His first idea was to make a champagne out of honey, a drink he loved but which turned out to be too much of a hard sell to Kiwi palates, uneducated about honeybased drinks.
“I realised there was no use beating my head against the wall about the champagne, I’d be there forever trying to educate people and I learnt very quickly if you have to educate people
about it, you’ll be educating every second person and it’s just hard work, whereas if you make a gin they know what gin is, if you make a rum they know what rum is, so I went back to basics.
“I don’t dwell on failure – if something’s not working we move onto the next thing quickly. I make a joke about ‘no fear of failure’, but I plan really well too.”
That planning starts with basic research on how to make a drink and what the competition is, then Terry does a small run to see if he can make something palatable. If it is, it’s then sent to the Cawthron Institute laboratory to check for safety, before undergoing taste testing by a panel so secret, its members don’t know they’re on it.
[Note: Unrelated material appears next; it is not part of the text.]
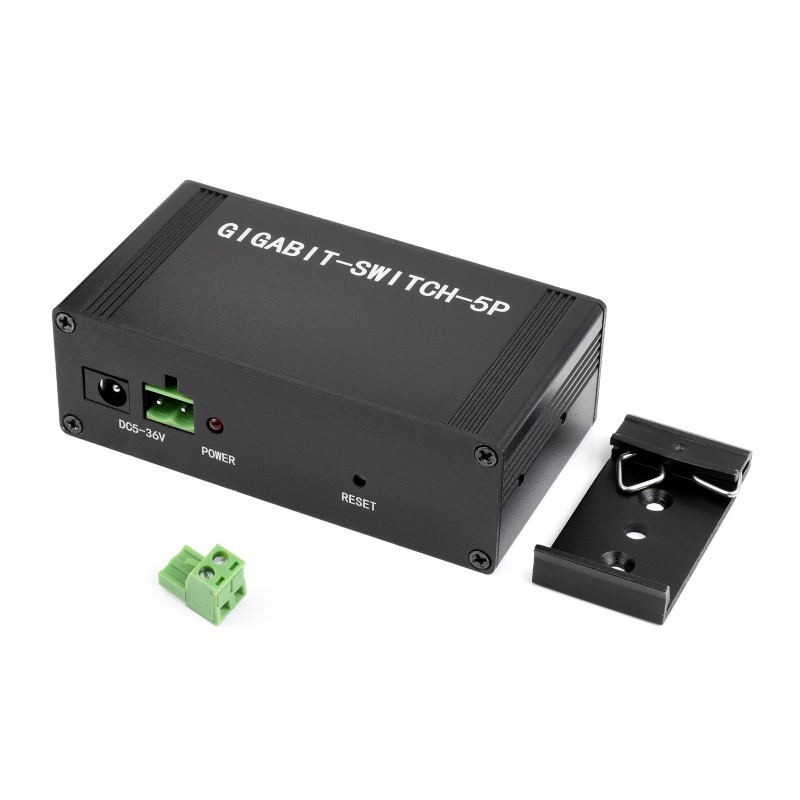 Industrial 5P Gigabit Ethernet Switch, Full-Duplex 10/100/1000M, DIN Rail Mount (แท้ Waveshare)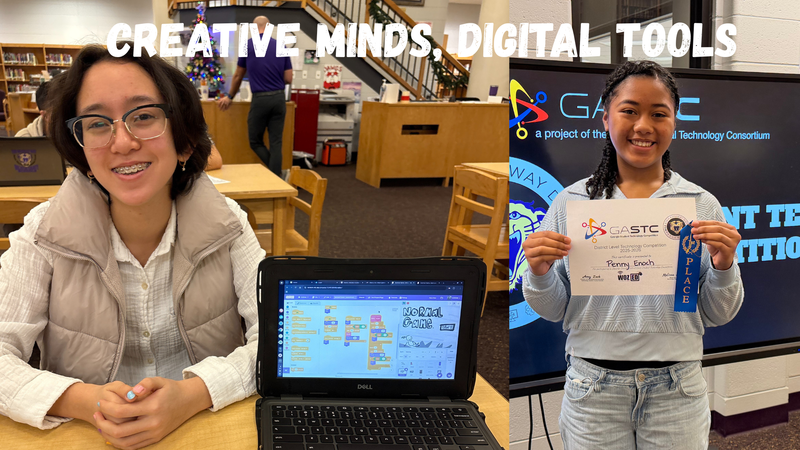 Creative Minds, Digital Tools students present their projects at the Technology Competition in the Media Center of Bainbridge High School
“We check it on a couple of likely souls that visit, and normally I’ll sit on something for three months and try it out with the locals before we branch too far out with it, I have a testing panel I suppose… they don’t know they’re part of it!
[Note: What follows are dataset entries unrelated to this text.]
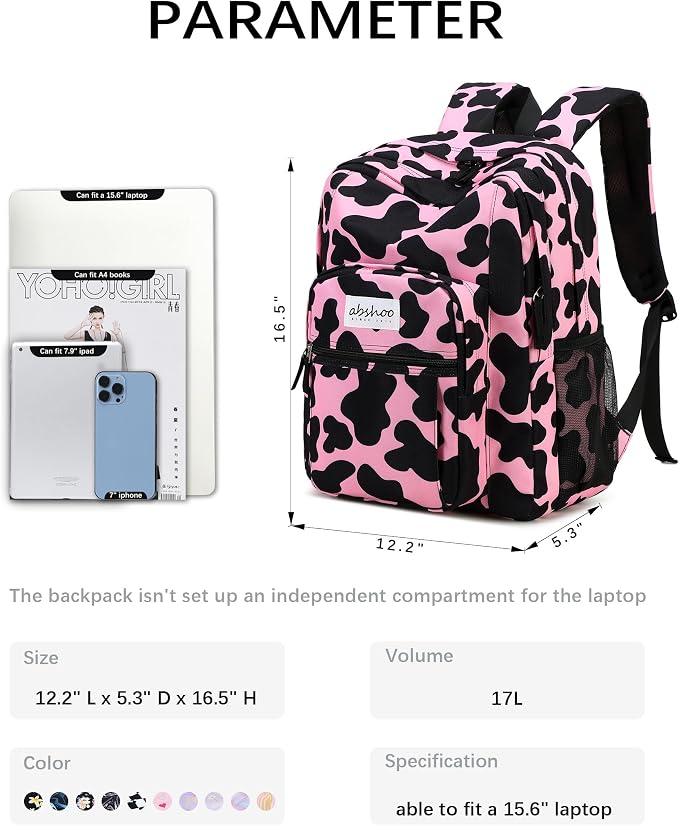 abshoo Classical Basic Cow Print Womens School Backpack For College Teen Girls Water Resistant Bookbag (Cow Pink)
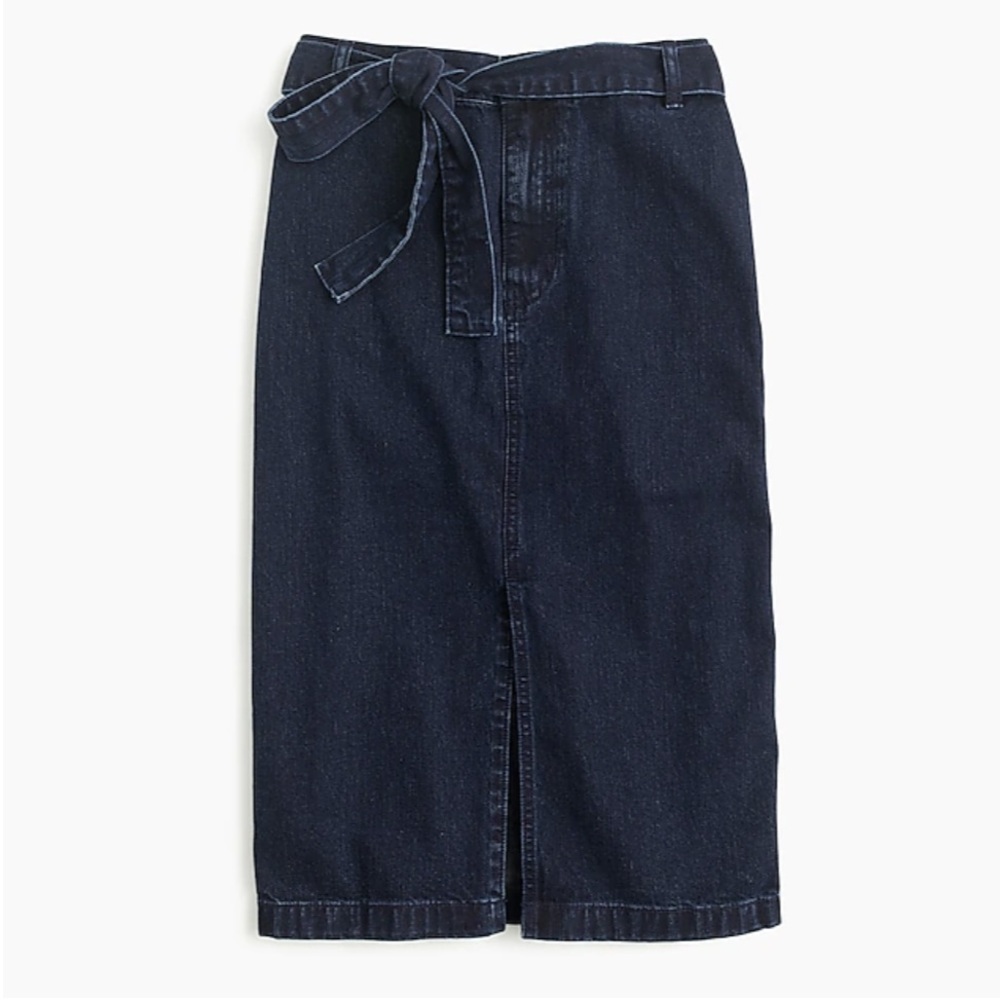 J.Crew knee length dark blue denim pencil skirt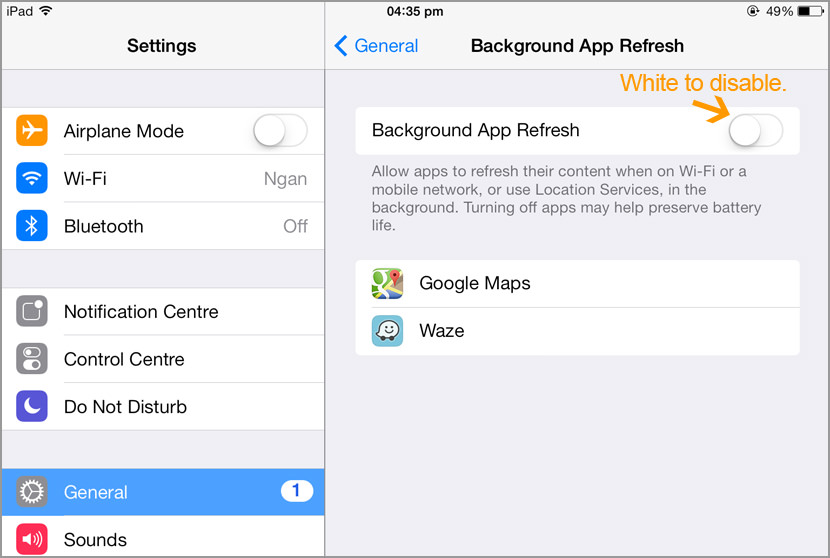 ios save battery turn off background app refresh Awesome Tips On Extending iPhone iOS8 Battery Life For 24 Hours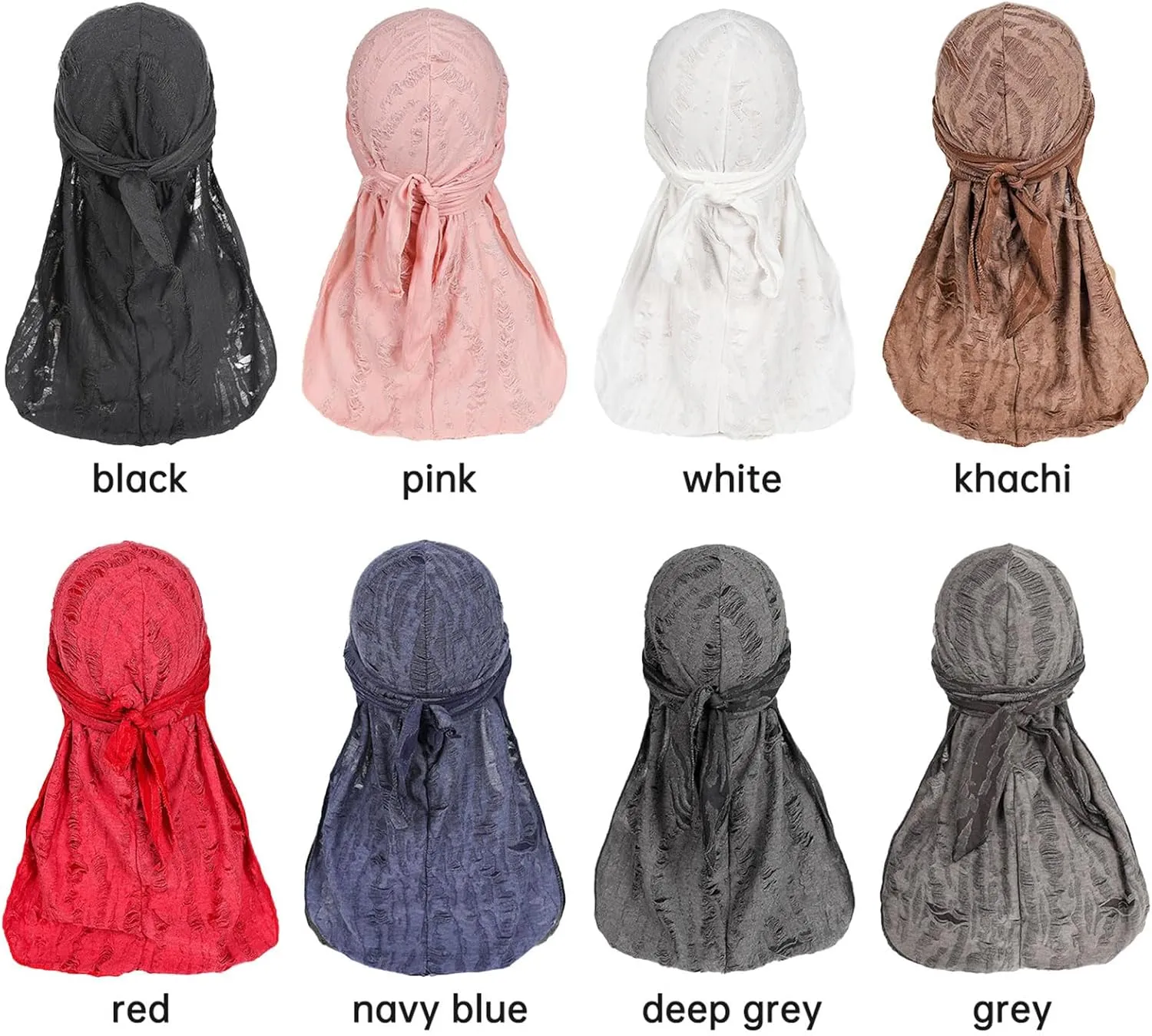 2 Pieces Durag Hat for Men, Silk Satin Durag Long Tail Pirate Wave Cap Durag Broken Feather Turban Headwear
“You then spend $5000 with a designer, another $5000 for printing, a couple of thousand on bottles and $20,000 later you’ve got a product on the shelf.
“I don’t jump into a new product lightly but if I do it’s with full faith and no fear because fear holds us back in so many things in life, a lot of people fear success.”
Terry has run experiments using all kinds of fruits, a few which have become the company’s success stories, with restaurants and customers buying it up from all over New Zealand. If you buy direct from the Schnapp Dragon stall at the Nelson Market or the cellar door, any customer can buy it at wholesale price.
Any experiments which don’t find favour don’t go to waste though.
“I’ve got cranberry liqueur, 500 litres of it, I’ve got apricot liqueur, aguta (baby kiwifruit) liqueur, but they’re not commercial runs, all they were was just me feeling out ‘will this work?’ In my old age I plan to sip my way slowly through these litres of experiments with friends.”